Sr. Manager, ATE Test Development Engineer
Achronix Semiconductor Corporation · Santa Clara, CA · 5 mo ago
Quality AssuranceFull-time
Job Description/Responsibilities
- Advantest V93000 (93K) ATE Test Program Development
- Develop, debug, and optimize ATE test programs on the Advantest V93000 (93K) test platform to validate FPGA functionality and performance.
- Utilize off-line tester tools and emulation environments to prepare and validate test flows before deployment on the ATE.
- Utilize efficient vector compression with multi-port vector capability for handling large pattern quantities with large vector depths.
- Own load-board/probe-card design and validation.
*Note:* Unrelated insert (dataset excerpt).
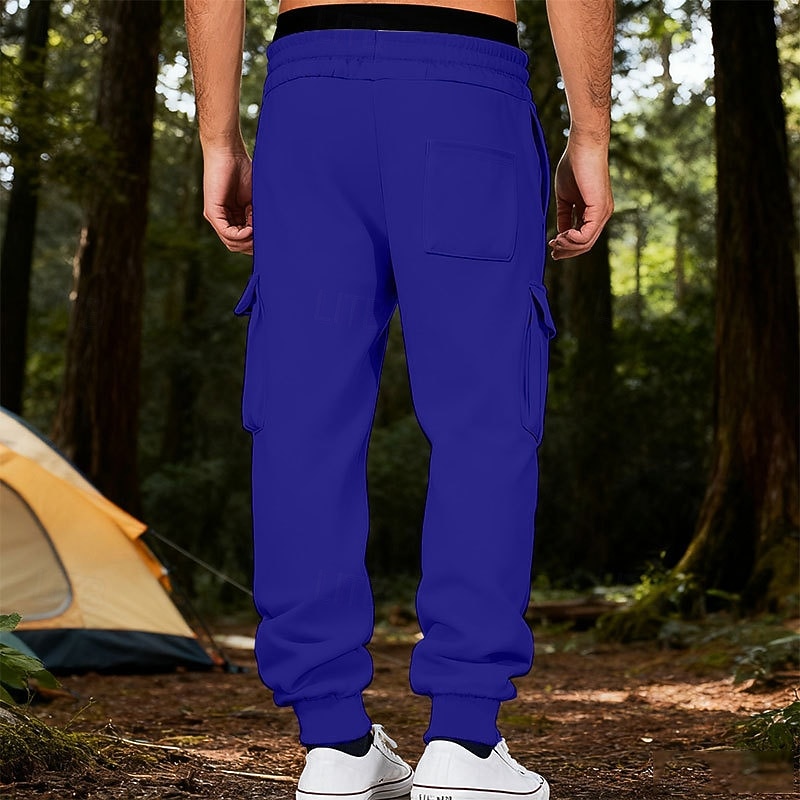 2026年 男性用 カーゴパンツ スウェットパンツ ズボン ストレートレッグスウェットパンツ ドローストリング ポケット 弾性ウエスト 平織り 履き心地よい ソフト カジュアル 日常 アウトドア 旅行度假风 ファッション ブルー ホワイト  コレクション – $25.99 –P33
Ensure test hardware meets performance, reliability, and cost targets.
- Test Plan Development and Implementation
- Define and execute comprehensive test plans tailored for FPGA architectures in collaboration with design, product, and DFT teams.
- Implement test methodologies to maximize coverage while optimizing cost, yield, and reliability.
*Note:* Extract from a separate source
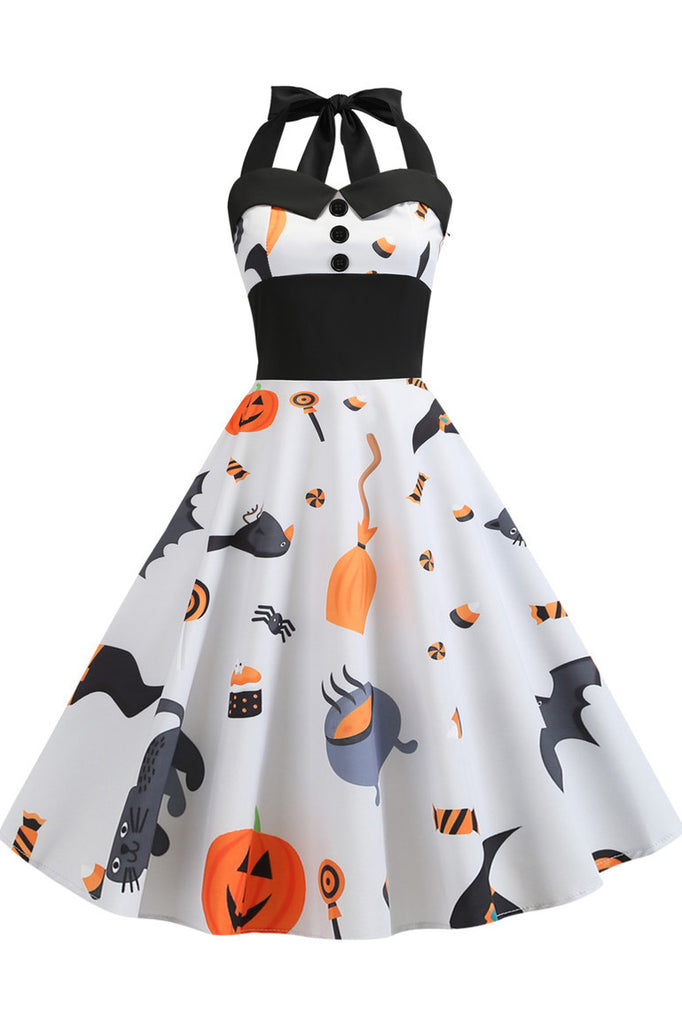 Halloween Halter Sleeveless Printed Dress - Mislish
- Test Pattern and Vector Setup
- Handle and manipulate industry-standard test pattern formats, including WGL, VCD, EVCD, STIL.
- Set up and validate functional, ATPG, MBIST, and high-speed loopback tests.
- Understand vector file structures, including cycle-based timing relationships, pin-level sequencing, and event-based triggers.
- Translate simulation patterns into 93K-compatible formats for FPGA functional verification.
- Debug and modify vector files directly on the ATE as needed for test pattern debug and optimization.
- Deep understanding of high-speed memory and serial interfaces such as SerDes, GDDR, and DDR test's function, purpose, and methodology.
- Utilize efficiently Advantest V93000 (93K) multi-port vectors.
- Commercial pattern conversion tool knowledge.
- Test Methods Development
- Capability of understanding and writing software routines to develop custom test methods to extend ATE’s built-in capabilities to achieve specific test functions such as burning an efuse and digital capture.
- Write C++ based custom solutions for test automation and result analysis.
- Device Characterization and Performance Validation
- Define characterization plans for complex high-power FPGA with the DFT team.
- Analyze process, voltage, and temperature (PVT) variations to assess device performance across environmental and manufacturing conditions, ensuring high-power FPGAs maintain timing, power, and functionality across all specified operating conditions.
- Define production test limits – Use characterization data to establish pass/fail criteria for high-volume manufacturing, preventing yield loss or excessive fallout by setting optimal test limits based on statistical analysis of device behavior.
- Identify performance bottlenecks, timing margin issues, and power-integrity failures through detailed characterization analysis, ATE-to-bench correlation by comparing tester results with bench validation measurements.
- Develop thermal management solution for device under test.
- Data Analysis and Yield Optimization
- ATE data processing and transformation – Extract, parse, and structure raw ATE data logs into readable formats such as Excel or SQL databases, ensuring efficient data organization for further analysis.
- Statistical analysis and data visualization – Perform statistical analysis to identify trends, outliers, and correlations, transforming raw test data into meaningful reports and visualizations enabling effective collaboration with design and product engineering teams.
- Optimize test limits, process parameters, and binning strategies for yield improvement.
- Semiconductor Manufacturing Integration
- Understand the semiconductor production flow, from wafer fabrication, wafer sort, assembly, to package-level testing. Ensure test strategies align with process variations, yield optimization, and reliability requirements across different manufacturing stages.
- Integration of test strategies with manufacturing processes – Develop ATE test methodologies that account for fab process variations, back-end packaging challenges, and final test requirements. Collaborate with wafer foundries, outsourced semiconductor assembly and test (OSAT) partners, and supply chain partners to ensure smooth new product introduction (NPI) and high-volume production ramp-up.
- Yield improvement and optimization – Analyze yield data to identify root causes of failures, implement corrective actions, and optimize test limits, process parameters, and binning strategies to improve overall production yield.
- Cost and Test Time Reduction
- Develop strategies to reduce test cost and optimize throughput without compromising quality.
- Minimize unnecessary test loops and refine test limits to improve efficiency.
- Implement parallel and multi-site testing to reduce test time.
- Package Substrate Design and Reliability
- Understand package substrate design principles, including signal integrity, power delivery, and material selection.
- Identify and mitigate issues such as crosstalk, impedance mismatches, and warpage.
- Analyze thermal characteristics (θJA, θJC), power dissipation, and cooling solutions to prevent thermal-induced failures.
- Reliability Qualification and Stress Testing
- Execute reliability stress tests such as HTOL, HAST, TC, HTS ESD/LU testing to ensure device reliability.
- Develop burn-in strategies for high-power devices BIB design, and test pattern development.
- Assess device aging, failure mechanisms, and reliability under operational stress conditions.
- Understand burn-in oven and its features/design and how they apply to high-power devices.